Their statement has since been endorsed by Trinidad and Tobago’s immediate past prime minister, Dr Keith Rowley, who described his support as a reaffirmation of the principles that once guided regional diplomacy.
In a joint declaration titled Our Caribbean Space: A Zone of Peace on Land, Sea and Airspace Where the Rule of Law Prevails, the leaders shared their “apprehension on the increased military security build-up and the presence of nuclear vessels and aircraft within the Caribbean archipelago.”
They urged all parties to “pull back from military build-up to avoid any diminution of peace, stability and development within our regional space that has the potential to pull the region into conflicts which are not of our making.”
The statement was signed by former prime ministers P. J. Patterson and Bruce Golding of Jamaica, Kenny Anthony of Saint Lucia, Donald Ramotar of Guyana, Tillman Thomas of Grenada, Edison James of Dominica, Baldwin Spencer of Antigua and Barbuda, and Belizeans Said Musa and Dean Barrow, along with Stuart of Barbados.
Rowley, who led Trinidad and Tobago from 2015 to 2025, announced on his 76th birthday that he had formally signed the document, calling it a necessary reaffirmation of regional values.
“It is with a deep sense of loss and sadness that I reflect on the leadership provided by Trinidad and Tobago at an earlier time,” he said.
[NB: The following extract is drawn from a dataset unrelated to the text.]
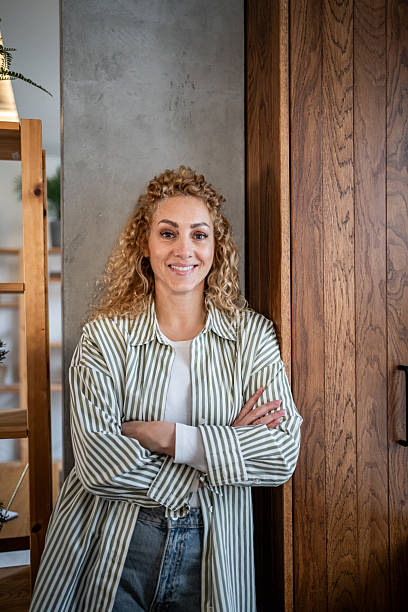 istock Confident female entrepreneur standing with crossed arms 2240066996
“It is a dangerous dereliction of duty under any circumstances to embrace the discarded colonial mantra that might is right and that the rule of law, local or international, is an inconvenience and a humbug.”
The declaration comes amid heightened geopolitical tension in the region, including renewed concerns about the Guyana–Venezuela border dispute and reports of increased foreign naval activity in the Caribbean Sea.
It also follows debate over current Prime Minister Kamla Persad-Bissessar’s foreign-policy stance and her government’s closer security co-operation with external partners, a direction critics say marks a departure from CARICOM’s long-held position of neutrality and respect for sovereignty.
The signatories reaffirmed CARICOM’s founding principle that disputes should be resolved through negotiation and dialogue, recalling that when Caribbean leaders met at Chaguaramas in 1972 under the chairmanship of Dr Eric Williams, peace was established as a cornerstone of the region’s political and social development.
They stressed that “established international law and conventions, rather than war and military might, should prevail in finding solutions to seemingly intractable problems,” and warned that small island states with limited resources remain vulnerable to external pressures and illicit activities such as drug and arms trafficking that could threaten their sovereignty and security.
“Preserving our Caribbean space as an established Zone of Peace is for us a vital imperative,” the declaration concluded.
“Our shared history and common interests demand oneness. We have gone too far to turn back now.”